● **Directions for this task**:
Restate the data word for word. Leave the pictures out.

Segment Start: Data

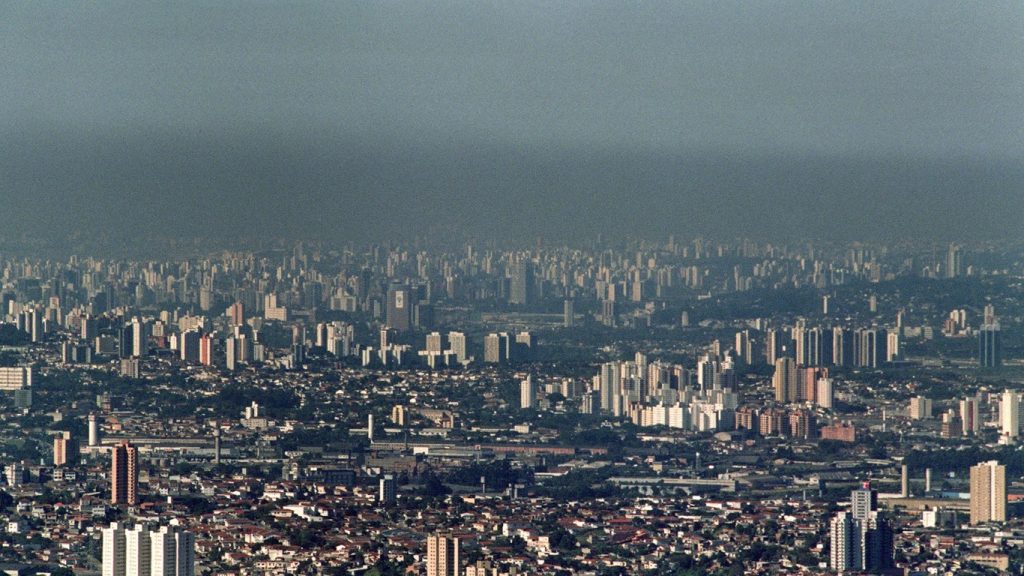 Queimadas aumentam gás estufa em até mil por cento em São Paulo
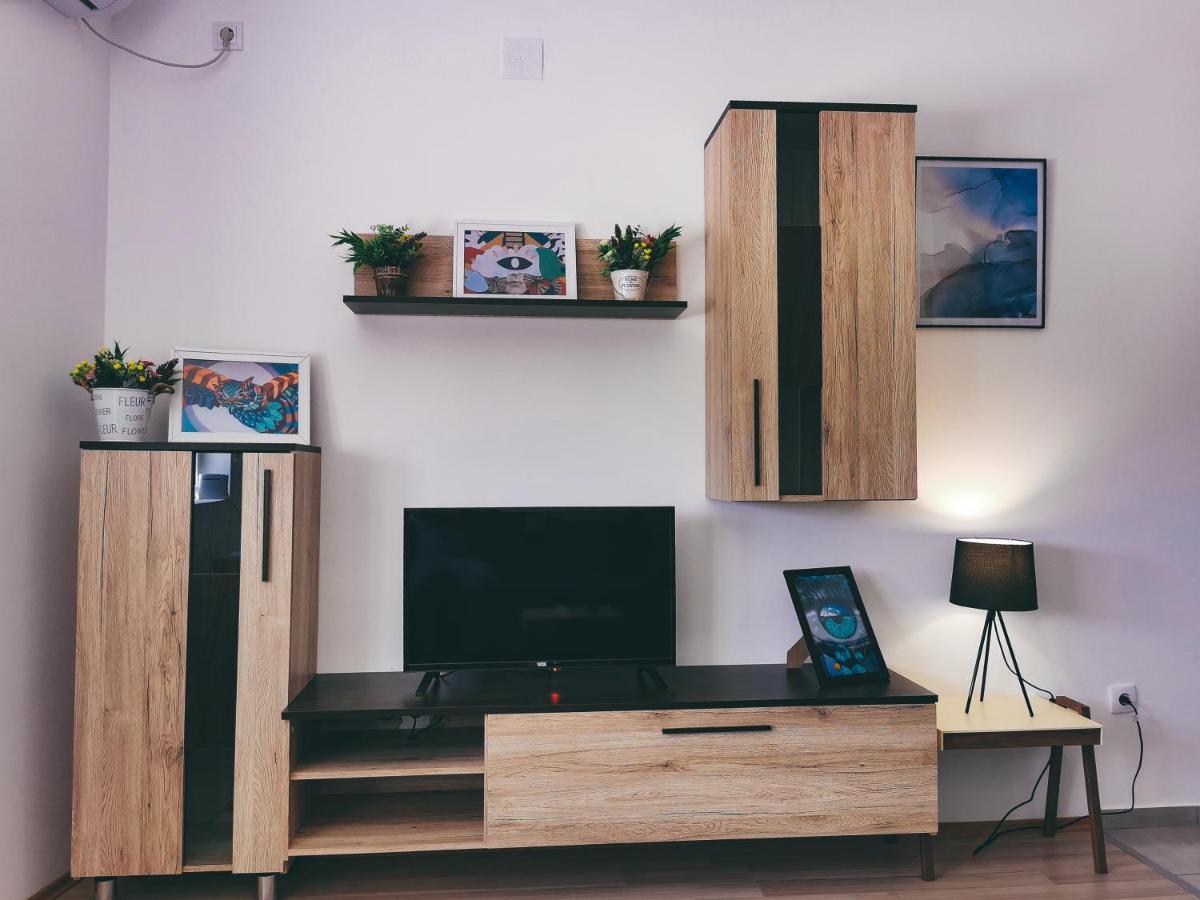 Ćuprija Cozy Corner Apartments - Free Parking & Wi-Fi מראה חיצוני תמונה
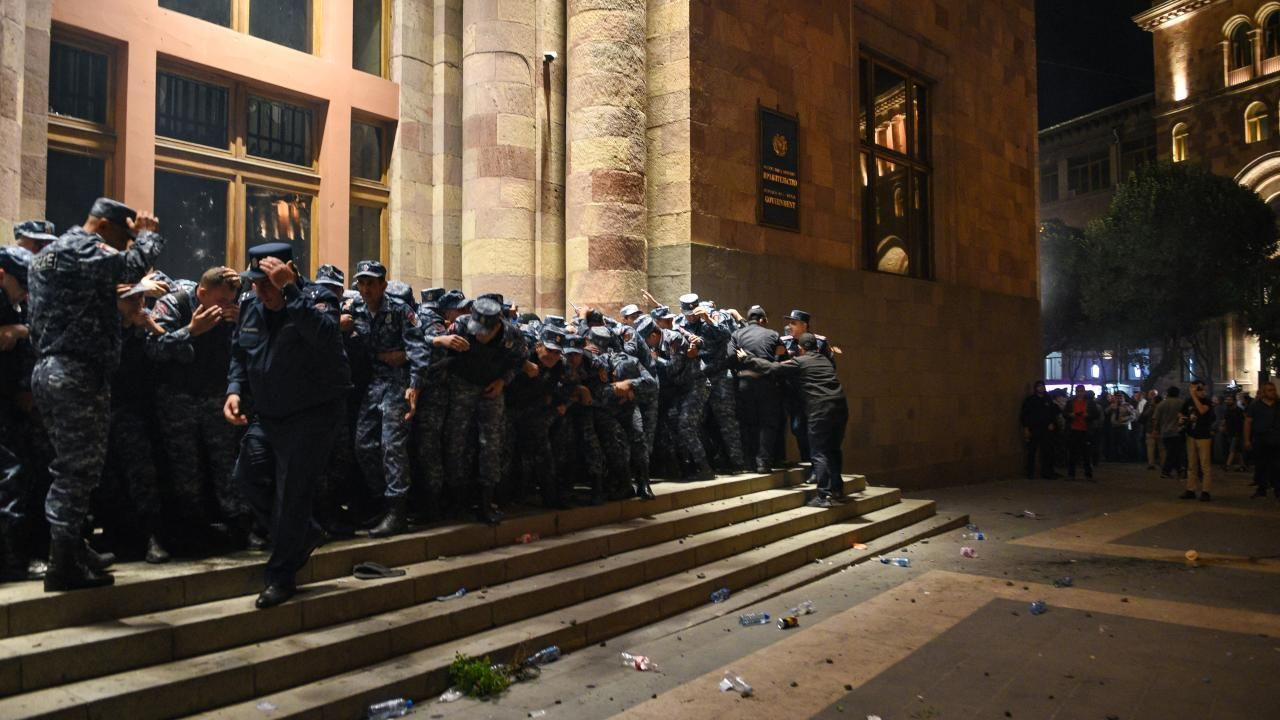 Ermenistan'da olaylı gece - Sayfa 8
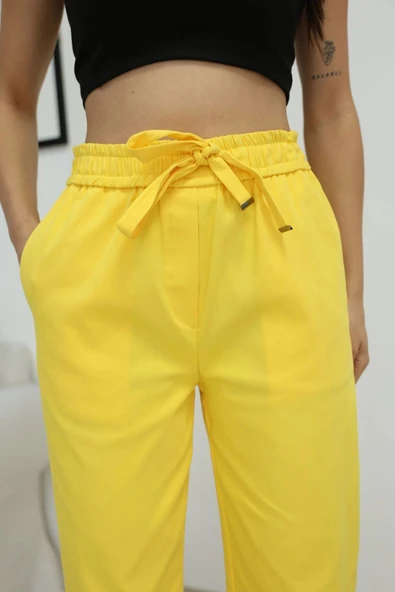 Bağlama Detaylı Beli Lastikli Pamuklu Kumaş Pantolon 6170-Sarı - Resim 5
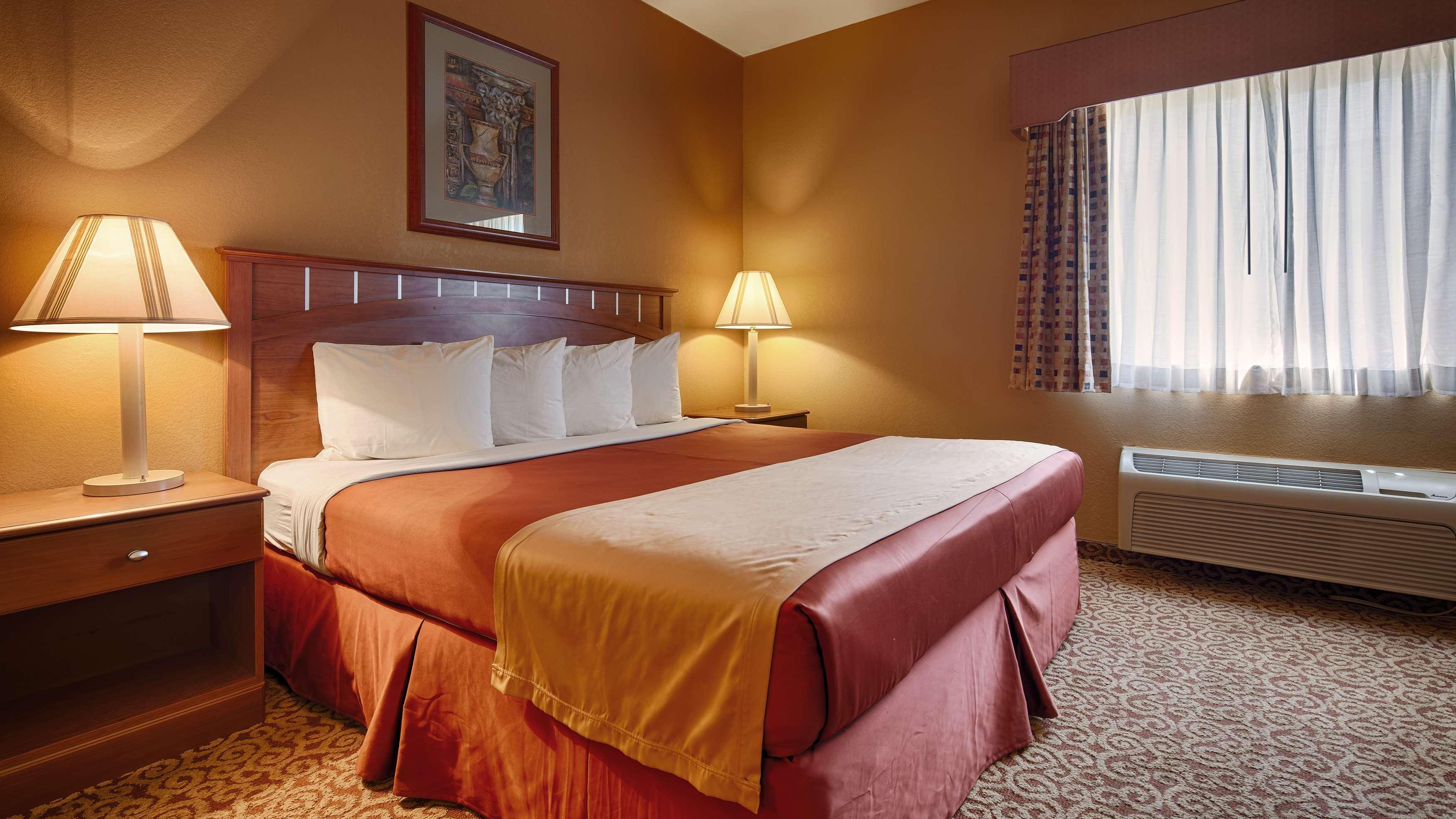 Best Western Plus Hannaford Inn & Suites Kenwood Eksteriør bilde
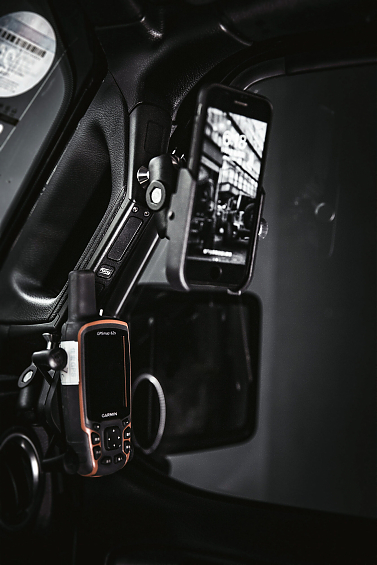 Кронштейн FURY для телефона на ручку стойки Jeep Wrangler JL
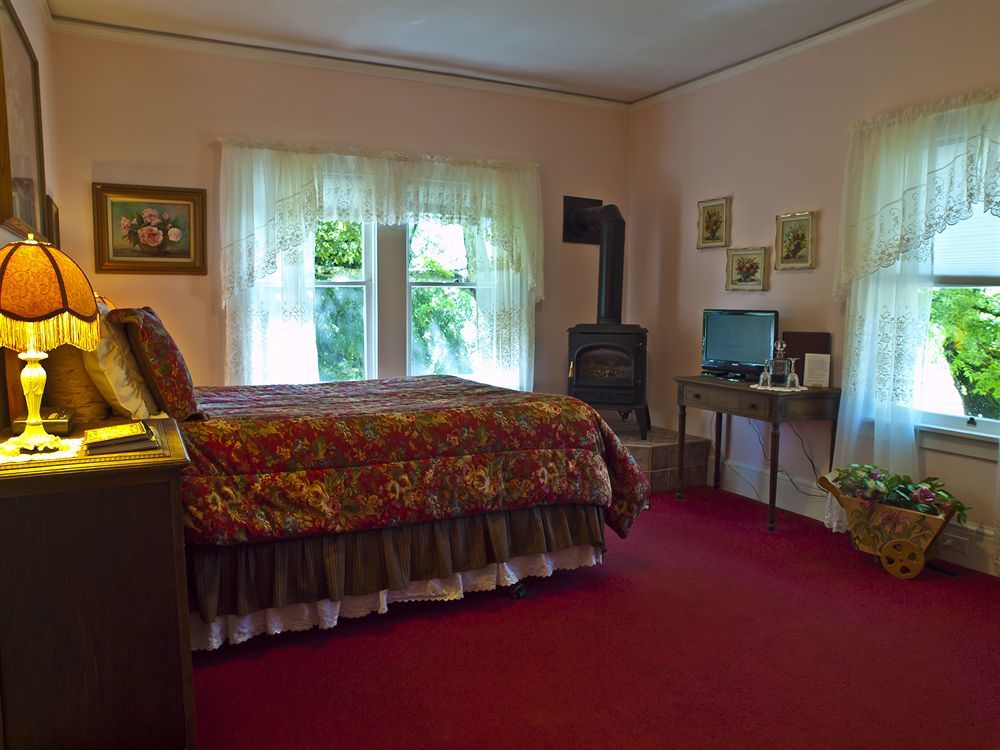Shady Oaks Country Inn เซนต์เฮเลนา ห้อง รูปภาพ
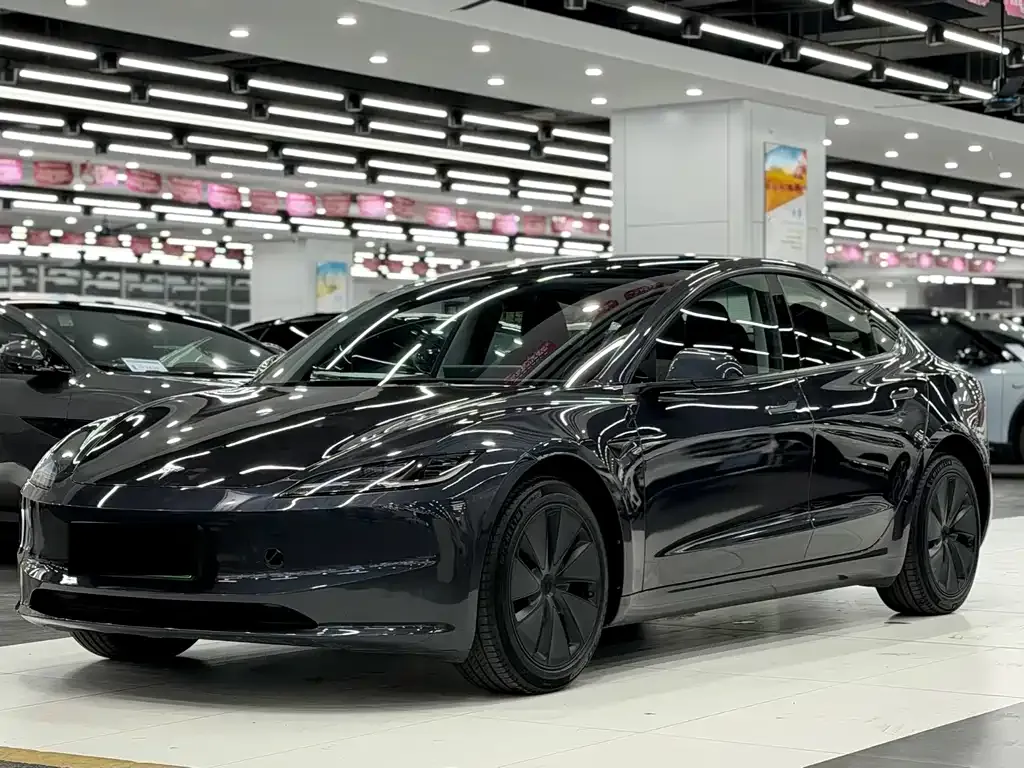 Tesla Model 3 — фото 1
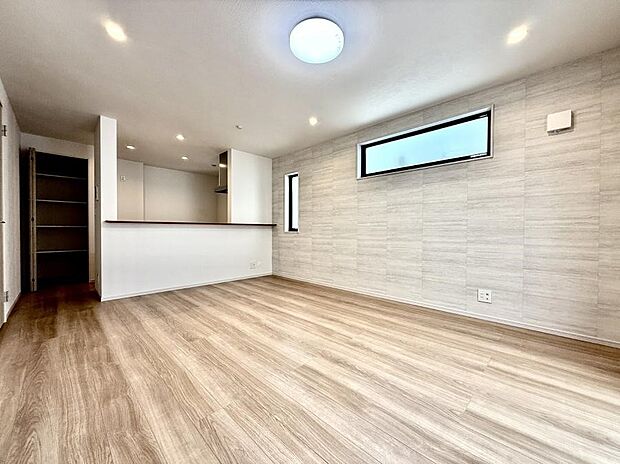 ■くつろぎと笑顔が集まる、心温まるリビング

Segment End: Data

● **Task output**:
 Queimadas aumentam gás estufa em até mil por cento em São Paulo
 Ćuprija Cozy Corner Apartments - Free Parking & Wi-Fi מראה חיצוני תמונה
 Ermenistan'da olaylı gece - Sayfa 8
 Bağlama Detaylı Beli Lastikli Pamuklu Kumaş Pantolon 6170-Sarı - Resim 5
 Best Western Plus Hannaford Inn & Suites Kenwood Eksteriør bilde
 Кронштейн FURY для телефона на ручку стойки Jeep Wrangler JL
Shady Oaks Country Inn เซนต์เฮเลนา ห้อง รูปภาพ
 Tesla Model 3 — фото 1
 ■くつろぎと笑顔が集まる、心温まるリビング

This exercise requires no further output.